The Western Regional Research Center has done research on rice bran, rice flour, high protein rice flour, rice sugar syrup and blended nutritional supplements for children. A process has been developed for stabilizing rice bran on a commercial scale. With usual storage conditions, rice bran quickly becomes rancid.
The feed efficiency of stabilized bran showed a 20 percent improvement compared with raw bran when fed to chicks and was equal to raw bran when fed to pigs.
The bran stabilization equipment is being manufactured in California, and a California company is planning to sell stabilized bran as a food ingredient. A Texas company is already selling bran stabilized by this process. The high level of fiber in rice bran and the concern for more fiber in the human diet is helping to promote food sales of stabilized bran. An edible oil can be recovered from the stabilized rice bran.
Rice germ evaluations
Rice germ has been thoroughly evaluated for stability, nutritional and functional properties. It is superior to wheat germ in composition and was well received in consumer tests of breads, cakes, and breakfast cereals containing rice germ. A California company is planning to market rice germ products. A Texas company is researching methods to recover the germ from modern milling operations.
Studies have been completed on the use of rice flour in baked goods and in specific applications where rice flour is preferred to wheat flour. Milling techniques were found to have an important influence on flour performance.

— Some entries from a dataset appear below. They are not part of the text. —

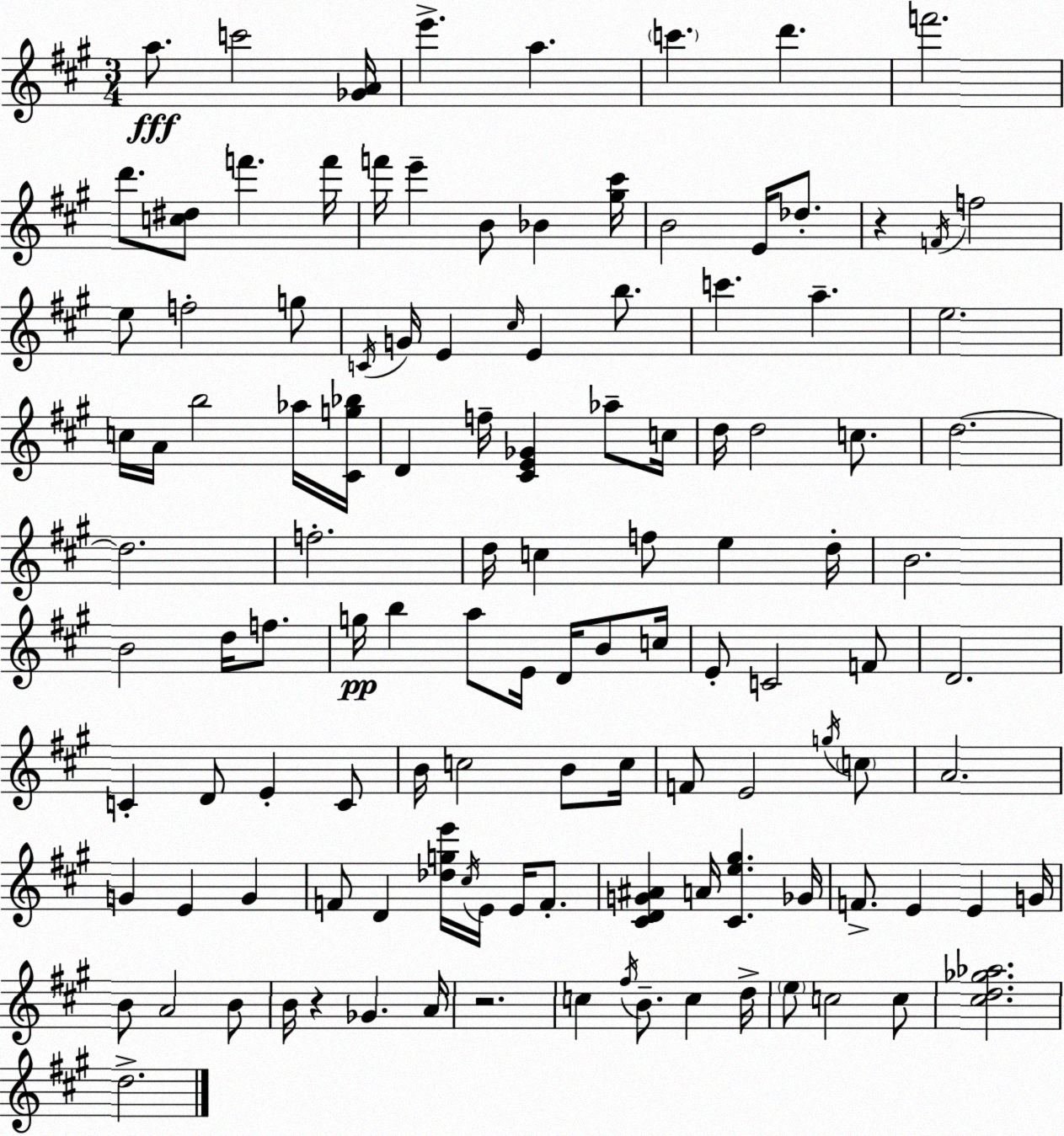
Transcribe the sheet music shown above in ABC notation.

X:1
T:Untitled
M:3/4
L:1/4
K:A
a/2 c'2 [_GA]/4 e' a c' d' f'2 d'/2 [c^d]/2 f' f'/4 f'/4 e' B/2 _B [^g^c']/4 B2 E/4 _d/2 z F/4 f2 e/2 f2 g/2 C/4 G/4 E ^c/4 E b/2 c' a e2 c/4 A/4 b2 _a/4 [^Cg_b]/4 D f/4 [^CE_G] _a/2 c/4 d/4 d2 c/2 d2 d2 f2 d/4 c f/2 e d/4 B2 B2 d/4 f/2 g/4 b a/2 E/4 D/4 B/2 c/4 E/2 C2 F/2 D2 C D/2 E C/2 B/4 c2 B/2 c/4 F/2 E2 g/4 c/2 A2 G E G F/2 D [_dge']/4 ^c/4 E/4 E/4 F/2 [^CDG^A] A/4 [^Ce^g] _G/4 F/2 E E G/4 B/2 A2 B/2 B/4 z _G A/4 z2 c ^f/4 B/2 c d/4 e/2 c2 c/2 [^cd_g_a]2 d2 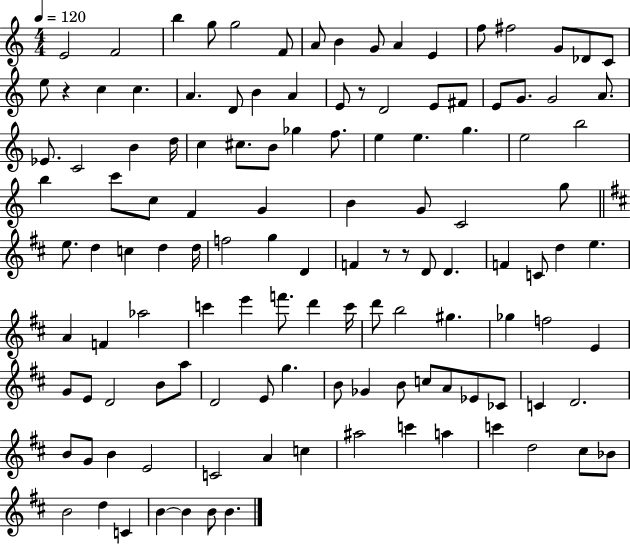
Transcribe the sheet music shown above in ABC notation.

X:1
T:Untitled
M:4/4
L:1/4
K:C
E2 F2 b g/2 g2 F/2 A/2 B G/2 A E f/2 ^f2 G/2 _D/2 C/2 e/2 z c c A D/2 B A E/2 z/2 D2 E/2 ^F/2 E/2 G/2 G2 A/2 _E/2 C2 B d/4 c ^c/2 B/2 _g f/2 e e g e2 b2 b c'/2 c/2 F G B G/2 C2 g/2 e/2 d c d d/4 f2 g D F z/2 z/2 D/2 D F C/2 d e A F _a2 c' e' f'/2 d' c'/4 d'/2 b2 ^g _g f2 E G/2 E/2 D2 B/2 a/2 D2 E/2 g B/2 _G B/2 c/2 A/2 _E/2 _C/2 C D2 B/2 G/2 B E2 C2 A c ^a2 c' a c' d2 ^c/2 _B/2 B2 d C B B B/2 B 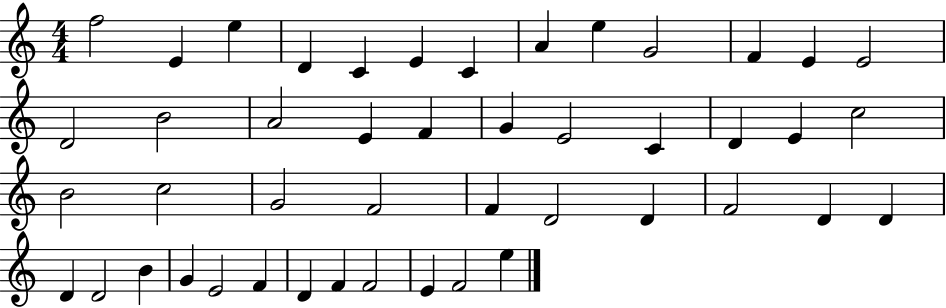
{
  \clef treble
  \numericTimeSignature
  \time 4/4
  \key c \major
  f''2 e'4 e''4 | d'4 c'4 e'4 c'4 | a'4 e''4 g'2 | f'4 e'4 e'2 | \break d'2 b'2 | a'2 e'4 f'4 | g'4 e'2 c'4 | d'4 e'4 c''2 | \break b'2 c''2 | g'2 f'2 | f'4 d'2 d'4 | f'2 d'4 d'4 | \break d'4 d'2 b'4 | g'4 e'2 f'4 | d'4 f'4 f'2 | e'4 f'2 e''4 | \break \bar "|."
} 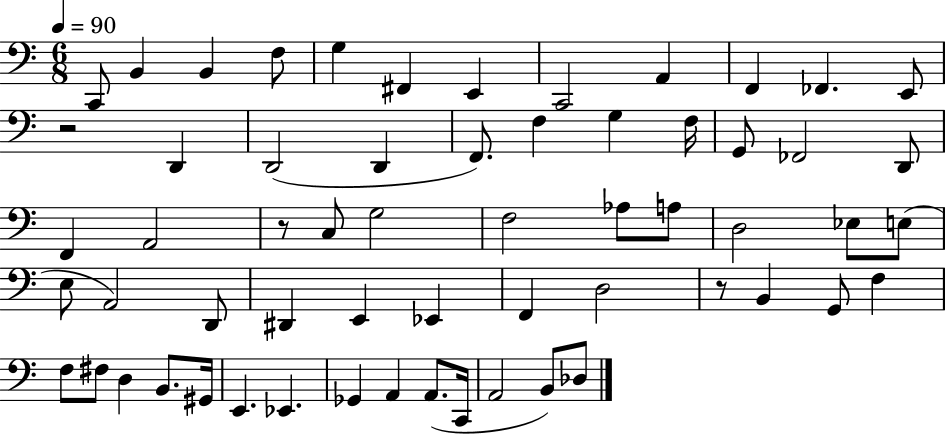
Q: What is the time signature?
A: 6/8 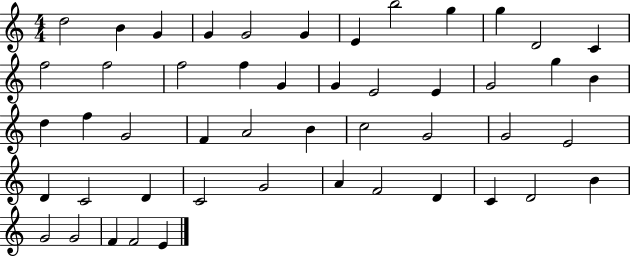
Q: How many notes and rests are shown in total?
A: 49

Several companies now market rice flour mixes for breads and cakes or market breads and cakes using formulations developed by the Western Regional Research Center. Large new markets have been established for rice flour by at least one California company.
Laboratory and pilot plant experiments have been conducted to convert rice brokens or flour to high protein (25 percent) rice flour and sugar syrup. This is achieved through partial conversion of rice starch to maltose using enzymatic means. The high protein rice flour is expected to be used as an infant food, both domestically and internationally. The sugar syrup can be used as a sweetener or a substrate for yeast cultivation. One large company has an active interest in the process.
A preparation has been developed called Rice-SoyMilk intended for young children as a healthful food supplement. The primary intended use is in developing countries where child malnutrition is a serious problem. Recent work has shown that the nonfat dried milk ingredient in this blended mixture can be omitted and that a rice-soy mix is adequate for the perceived market. English and Chinese companies have started to market analogous mixes in Asia. All of these products are to be discussed at an upcoming international meeting of the Food and Agriculture Organization.
Several processes have been developed to reduce the stickiness of short grain and medium grain rices. Unfortunately, all of these processes cause minor changes in other rice qualities such as color and texture and have not been adopted by industry.